Um exemplo clássico é o seriado Malu Mulher, exibido entre 1979 e 1980. Os dramas de Malu (Regina Duarte) retratavam bem a repressão vivida pelas mulheres na sociedade da época. Mas que época era esta? Naqueles tempos, o divórcio só tinha sido permitido no Brasil há dois anos, homens que matavam suas parceiras eram absolvidos por alegarem "legítima defesa da honra", enfim, era difícil mostrar as conquistas femininas. Imaginem, então, exibir na TV uma mulher divorciada, que trabalhava fora e criava a filha sozinha?
Corta para 2018. Felizmente, muita coisa mudou, mas caminhamos a passos lentos em busca dos direitos das mulheres. Não à toa, algumas personagens da ficção levantam bandeiras importantes neste aspecto. Apesar de terem nascido e crescido em um ambiente dominado pelos homens, as mulheres maduras também provam que são independentes, autoconfiantes e capazes de enfrentar o machismo arraigado na sociedade.
Conflito de séculos
O Tempo Não Para traz o confronto de dois mundos bem diferentes.

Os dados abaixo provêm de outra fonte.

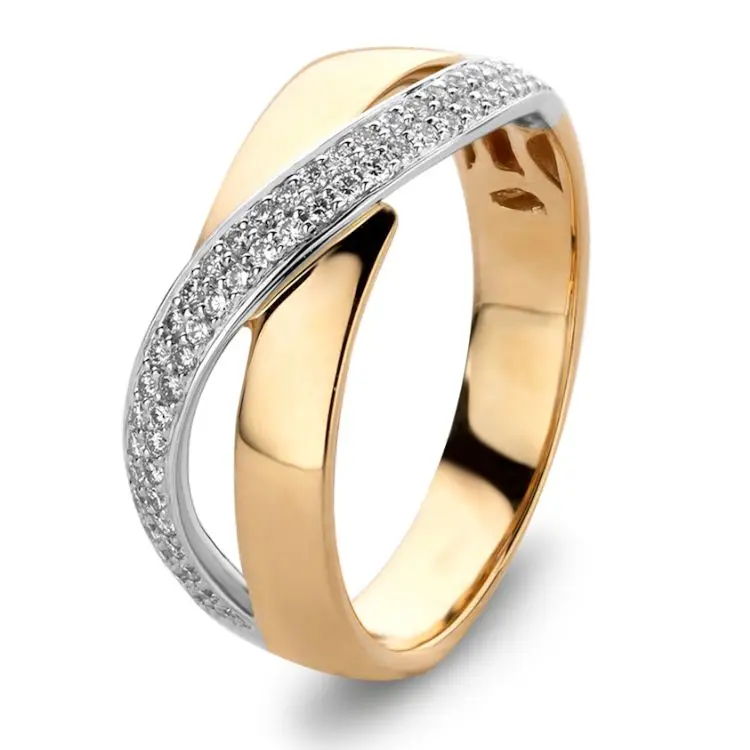 Verfijnde Bicolor Diamanten Ring – 0.26 Carat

De um lado, os "congelados", ainda com a mentalidade, hábitos e crenças de 1886. De outro, a modernidade em todas as suas melhores e piores facetas.

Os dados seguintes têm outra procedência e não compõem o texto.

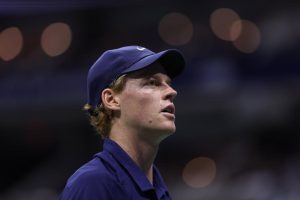 « Ni Carlos, ni moi ne décidons des courts » : Jannik Sinner réagit aux déclarations d&rsquo;Alexander Zverev sur l&rsquo;uniformisation des surfaces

Carmen (Christiane Torloni), mãe do mocinho Samuca (Nicolas Prattes), é uma mulher arrojada, chique e dona do próprio nariz. Enche a boca para dizer que criou o filho sozinha, sem depender do "traste" de seu ex-marido. Tanta modernidade foi demais para dona Agustina (Rosi Campos) e seu pensamento de 132 anos atrás. A mulher de Dom Sabino (Edson Celulari) ficou chocada com o comportamento de Carmen e logo a qualificou como uma "devassa", "messalina", entre outros impropérios. A dama de época chegou a proibir o relacionamento de Samuca e Marocas (Juliana Paiva), tudo porque o rapaz é filho de uma "perdida", "mulher largada, sem marido".
Enquanto as duas mães se digladiam, Dom Sabino está nas nuvens com a "mulher admirável" que é a Senhora Dona Carmen.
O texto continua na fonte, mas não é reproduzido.